### What is expected
Each entry below is to be written out exactly, and the pictures are to be left out.

### Data records
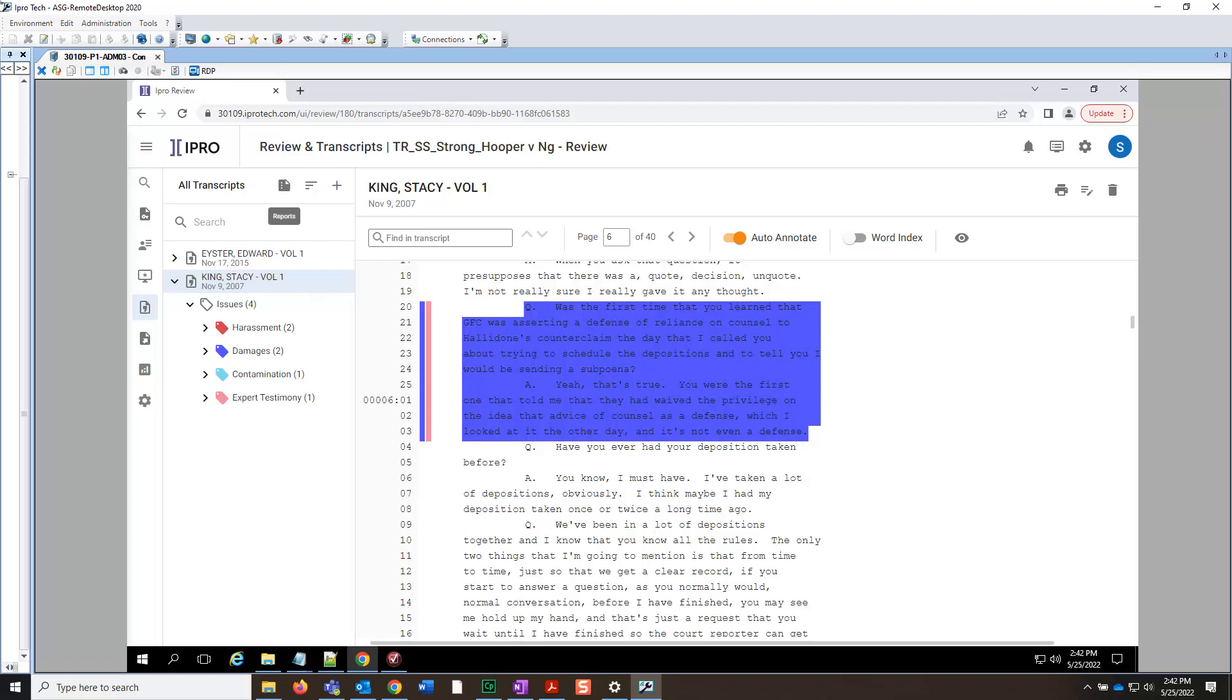Now let's talk about reporting. To create reports and review transcripts, click the Reports icon in the upper left-hand corner of the screen.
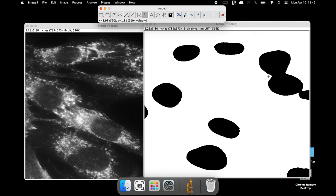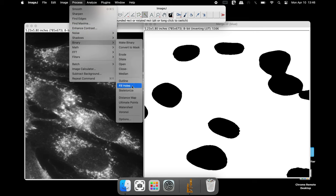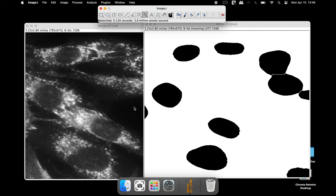To separate the nuclei from one another, click on Process, Binary and Watershed. Now the nuclei are separated from one another.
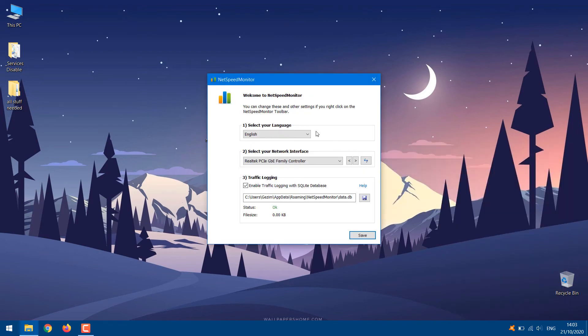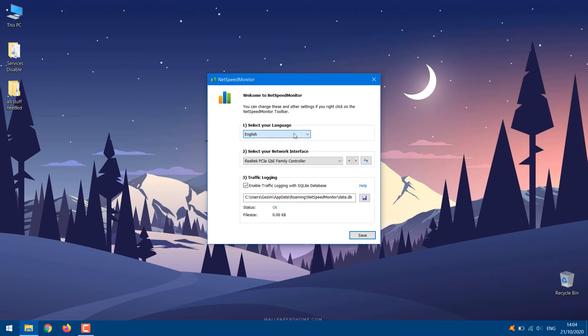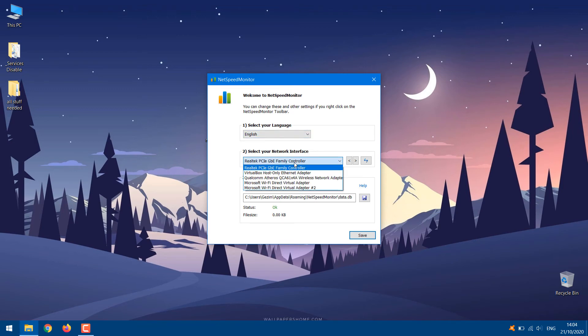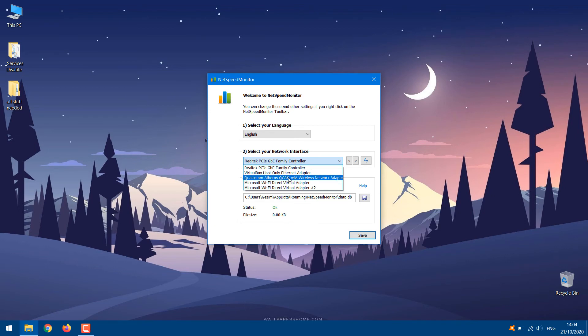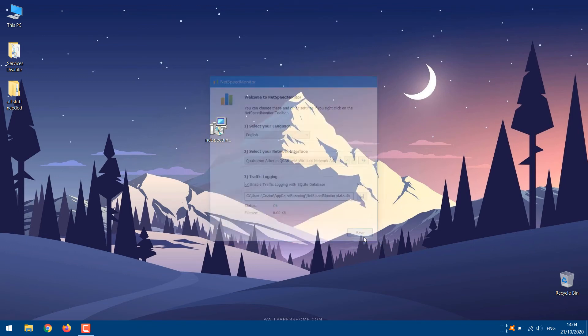Now select your network interface and click Save. As soon as you enable it, you will see the upload and download speed on the taskbar.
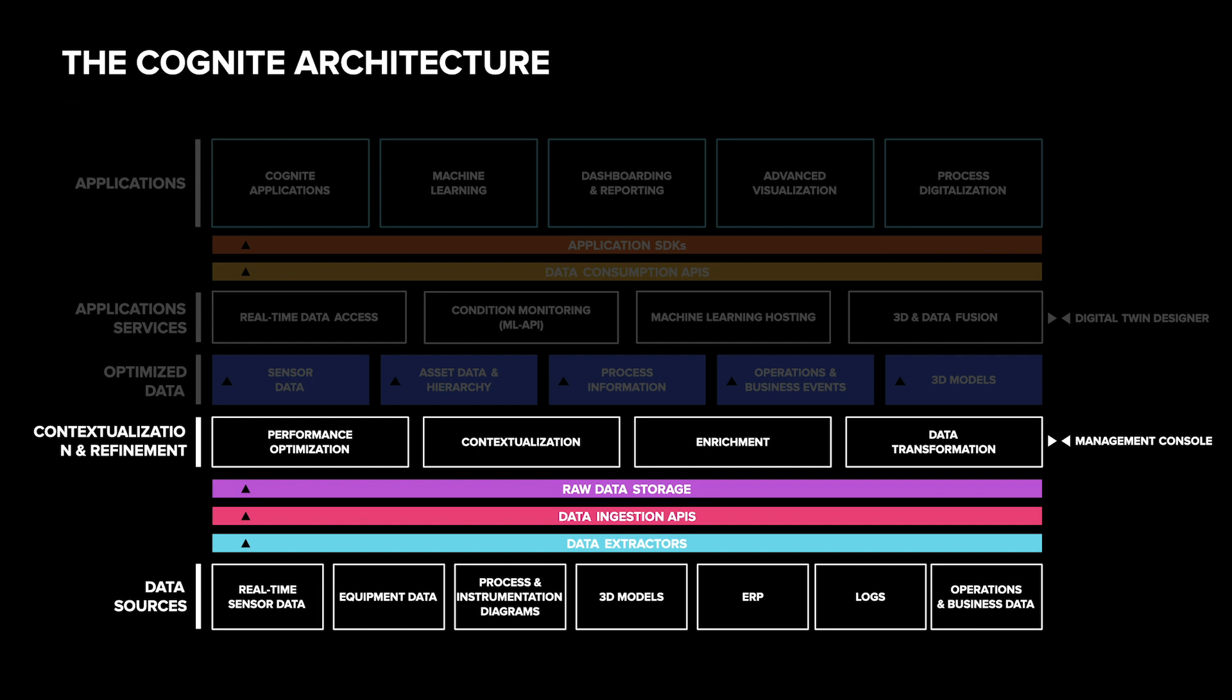For instance, an object inside the 3D model may have an ID that can be mapped to an asset. A time series from an instrument monitoring system may have another ID that can be mapped to that same asset. This allows a user to click on a component in the 3D model and see connected time series data.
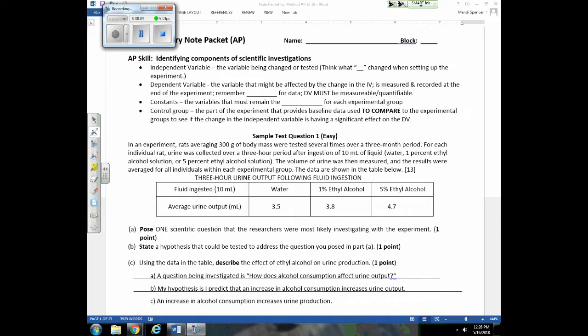Here we go, first lecture of AP Bio. We're going to start out with something easy, something that you're familiar with. We're going to look at different scientific investigations and make sure you know what we mean when we talk about the independent variable, dependent variable, and so on. The experiments you'll analyze in AP Bio will be much more in-depth and complex than what you've seen in the past, but you should still be able to figure out the IV, DV, constants, and so on. So let's review those.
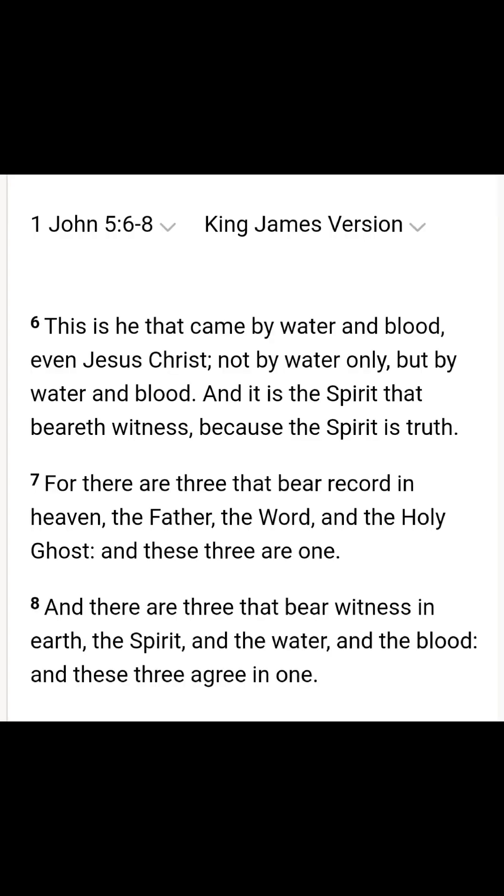We can look at 1 John 5, 6-8. This is He that came by water and blood, even Yeshua HaMashiach, not by water only, but by water and blood. And it is the Spirit that beareth witness, because the Spirit is truth. For there are three that bear record in heaven, the Father, the Word, and the Holy Ghost. And these three are one. And there are three that bear witness in earth, the Spirit and the water and the blood. And these three agree in one.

### Solution below
Now let's talk about reporting. To create reports and review transcripts, click the Reports icon in the upper left-hand corner of the screen.
To separate the nuclei from one another, click on Process, Binary and Watershed. Now the nuclei are separated from one another.
Now select your network interface and click Save. As soon as you enable it, you will see the upload and download speed on the taskbar.
For instance, an object inside the 3D model may have an ID that can be mapped to an asset. A time series from an instrument monitoring system may have another ID that can be mapped to that same asset. This allows a user to click on a component in the 3D model and see connected time series data.
Here we go, first lecture of AP Bio. We're going to start out with something easy, something that you're familiar with. We're going to look at different scientific investigations and make sure you know what we mean when we talk about the independent variable, dependent variable, and so on. The experiments you'll analyze in AP Bio will be much more in-depth and complex than what you've seen in the past, but you should still be able to figure out the IV, DV, constants, and so on. So let's review those.
We can look at 1 John 5, 6-8. This is He that came by water and blood, even Yeshua HaMashiach, not by water only, but by water and blood. And it is the Spirit that beareth witness, because the Spirit is truth. For there are three that bear record in heaven, the Father, the Word, and the Holy Ghost. And these three are one. And there are three that bear witness in earth, the Spirit and the water and the blood. And these three agree in one.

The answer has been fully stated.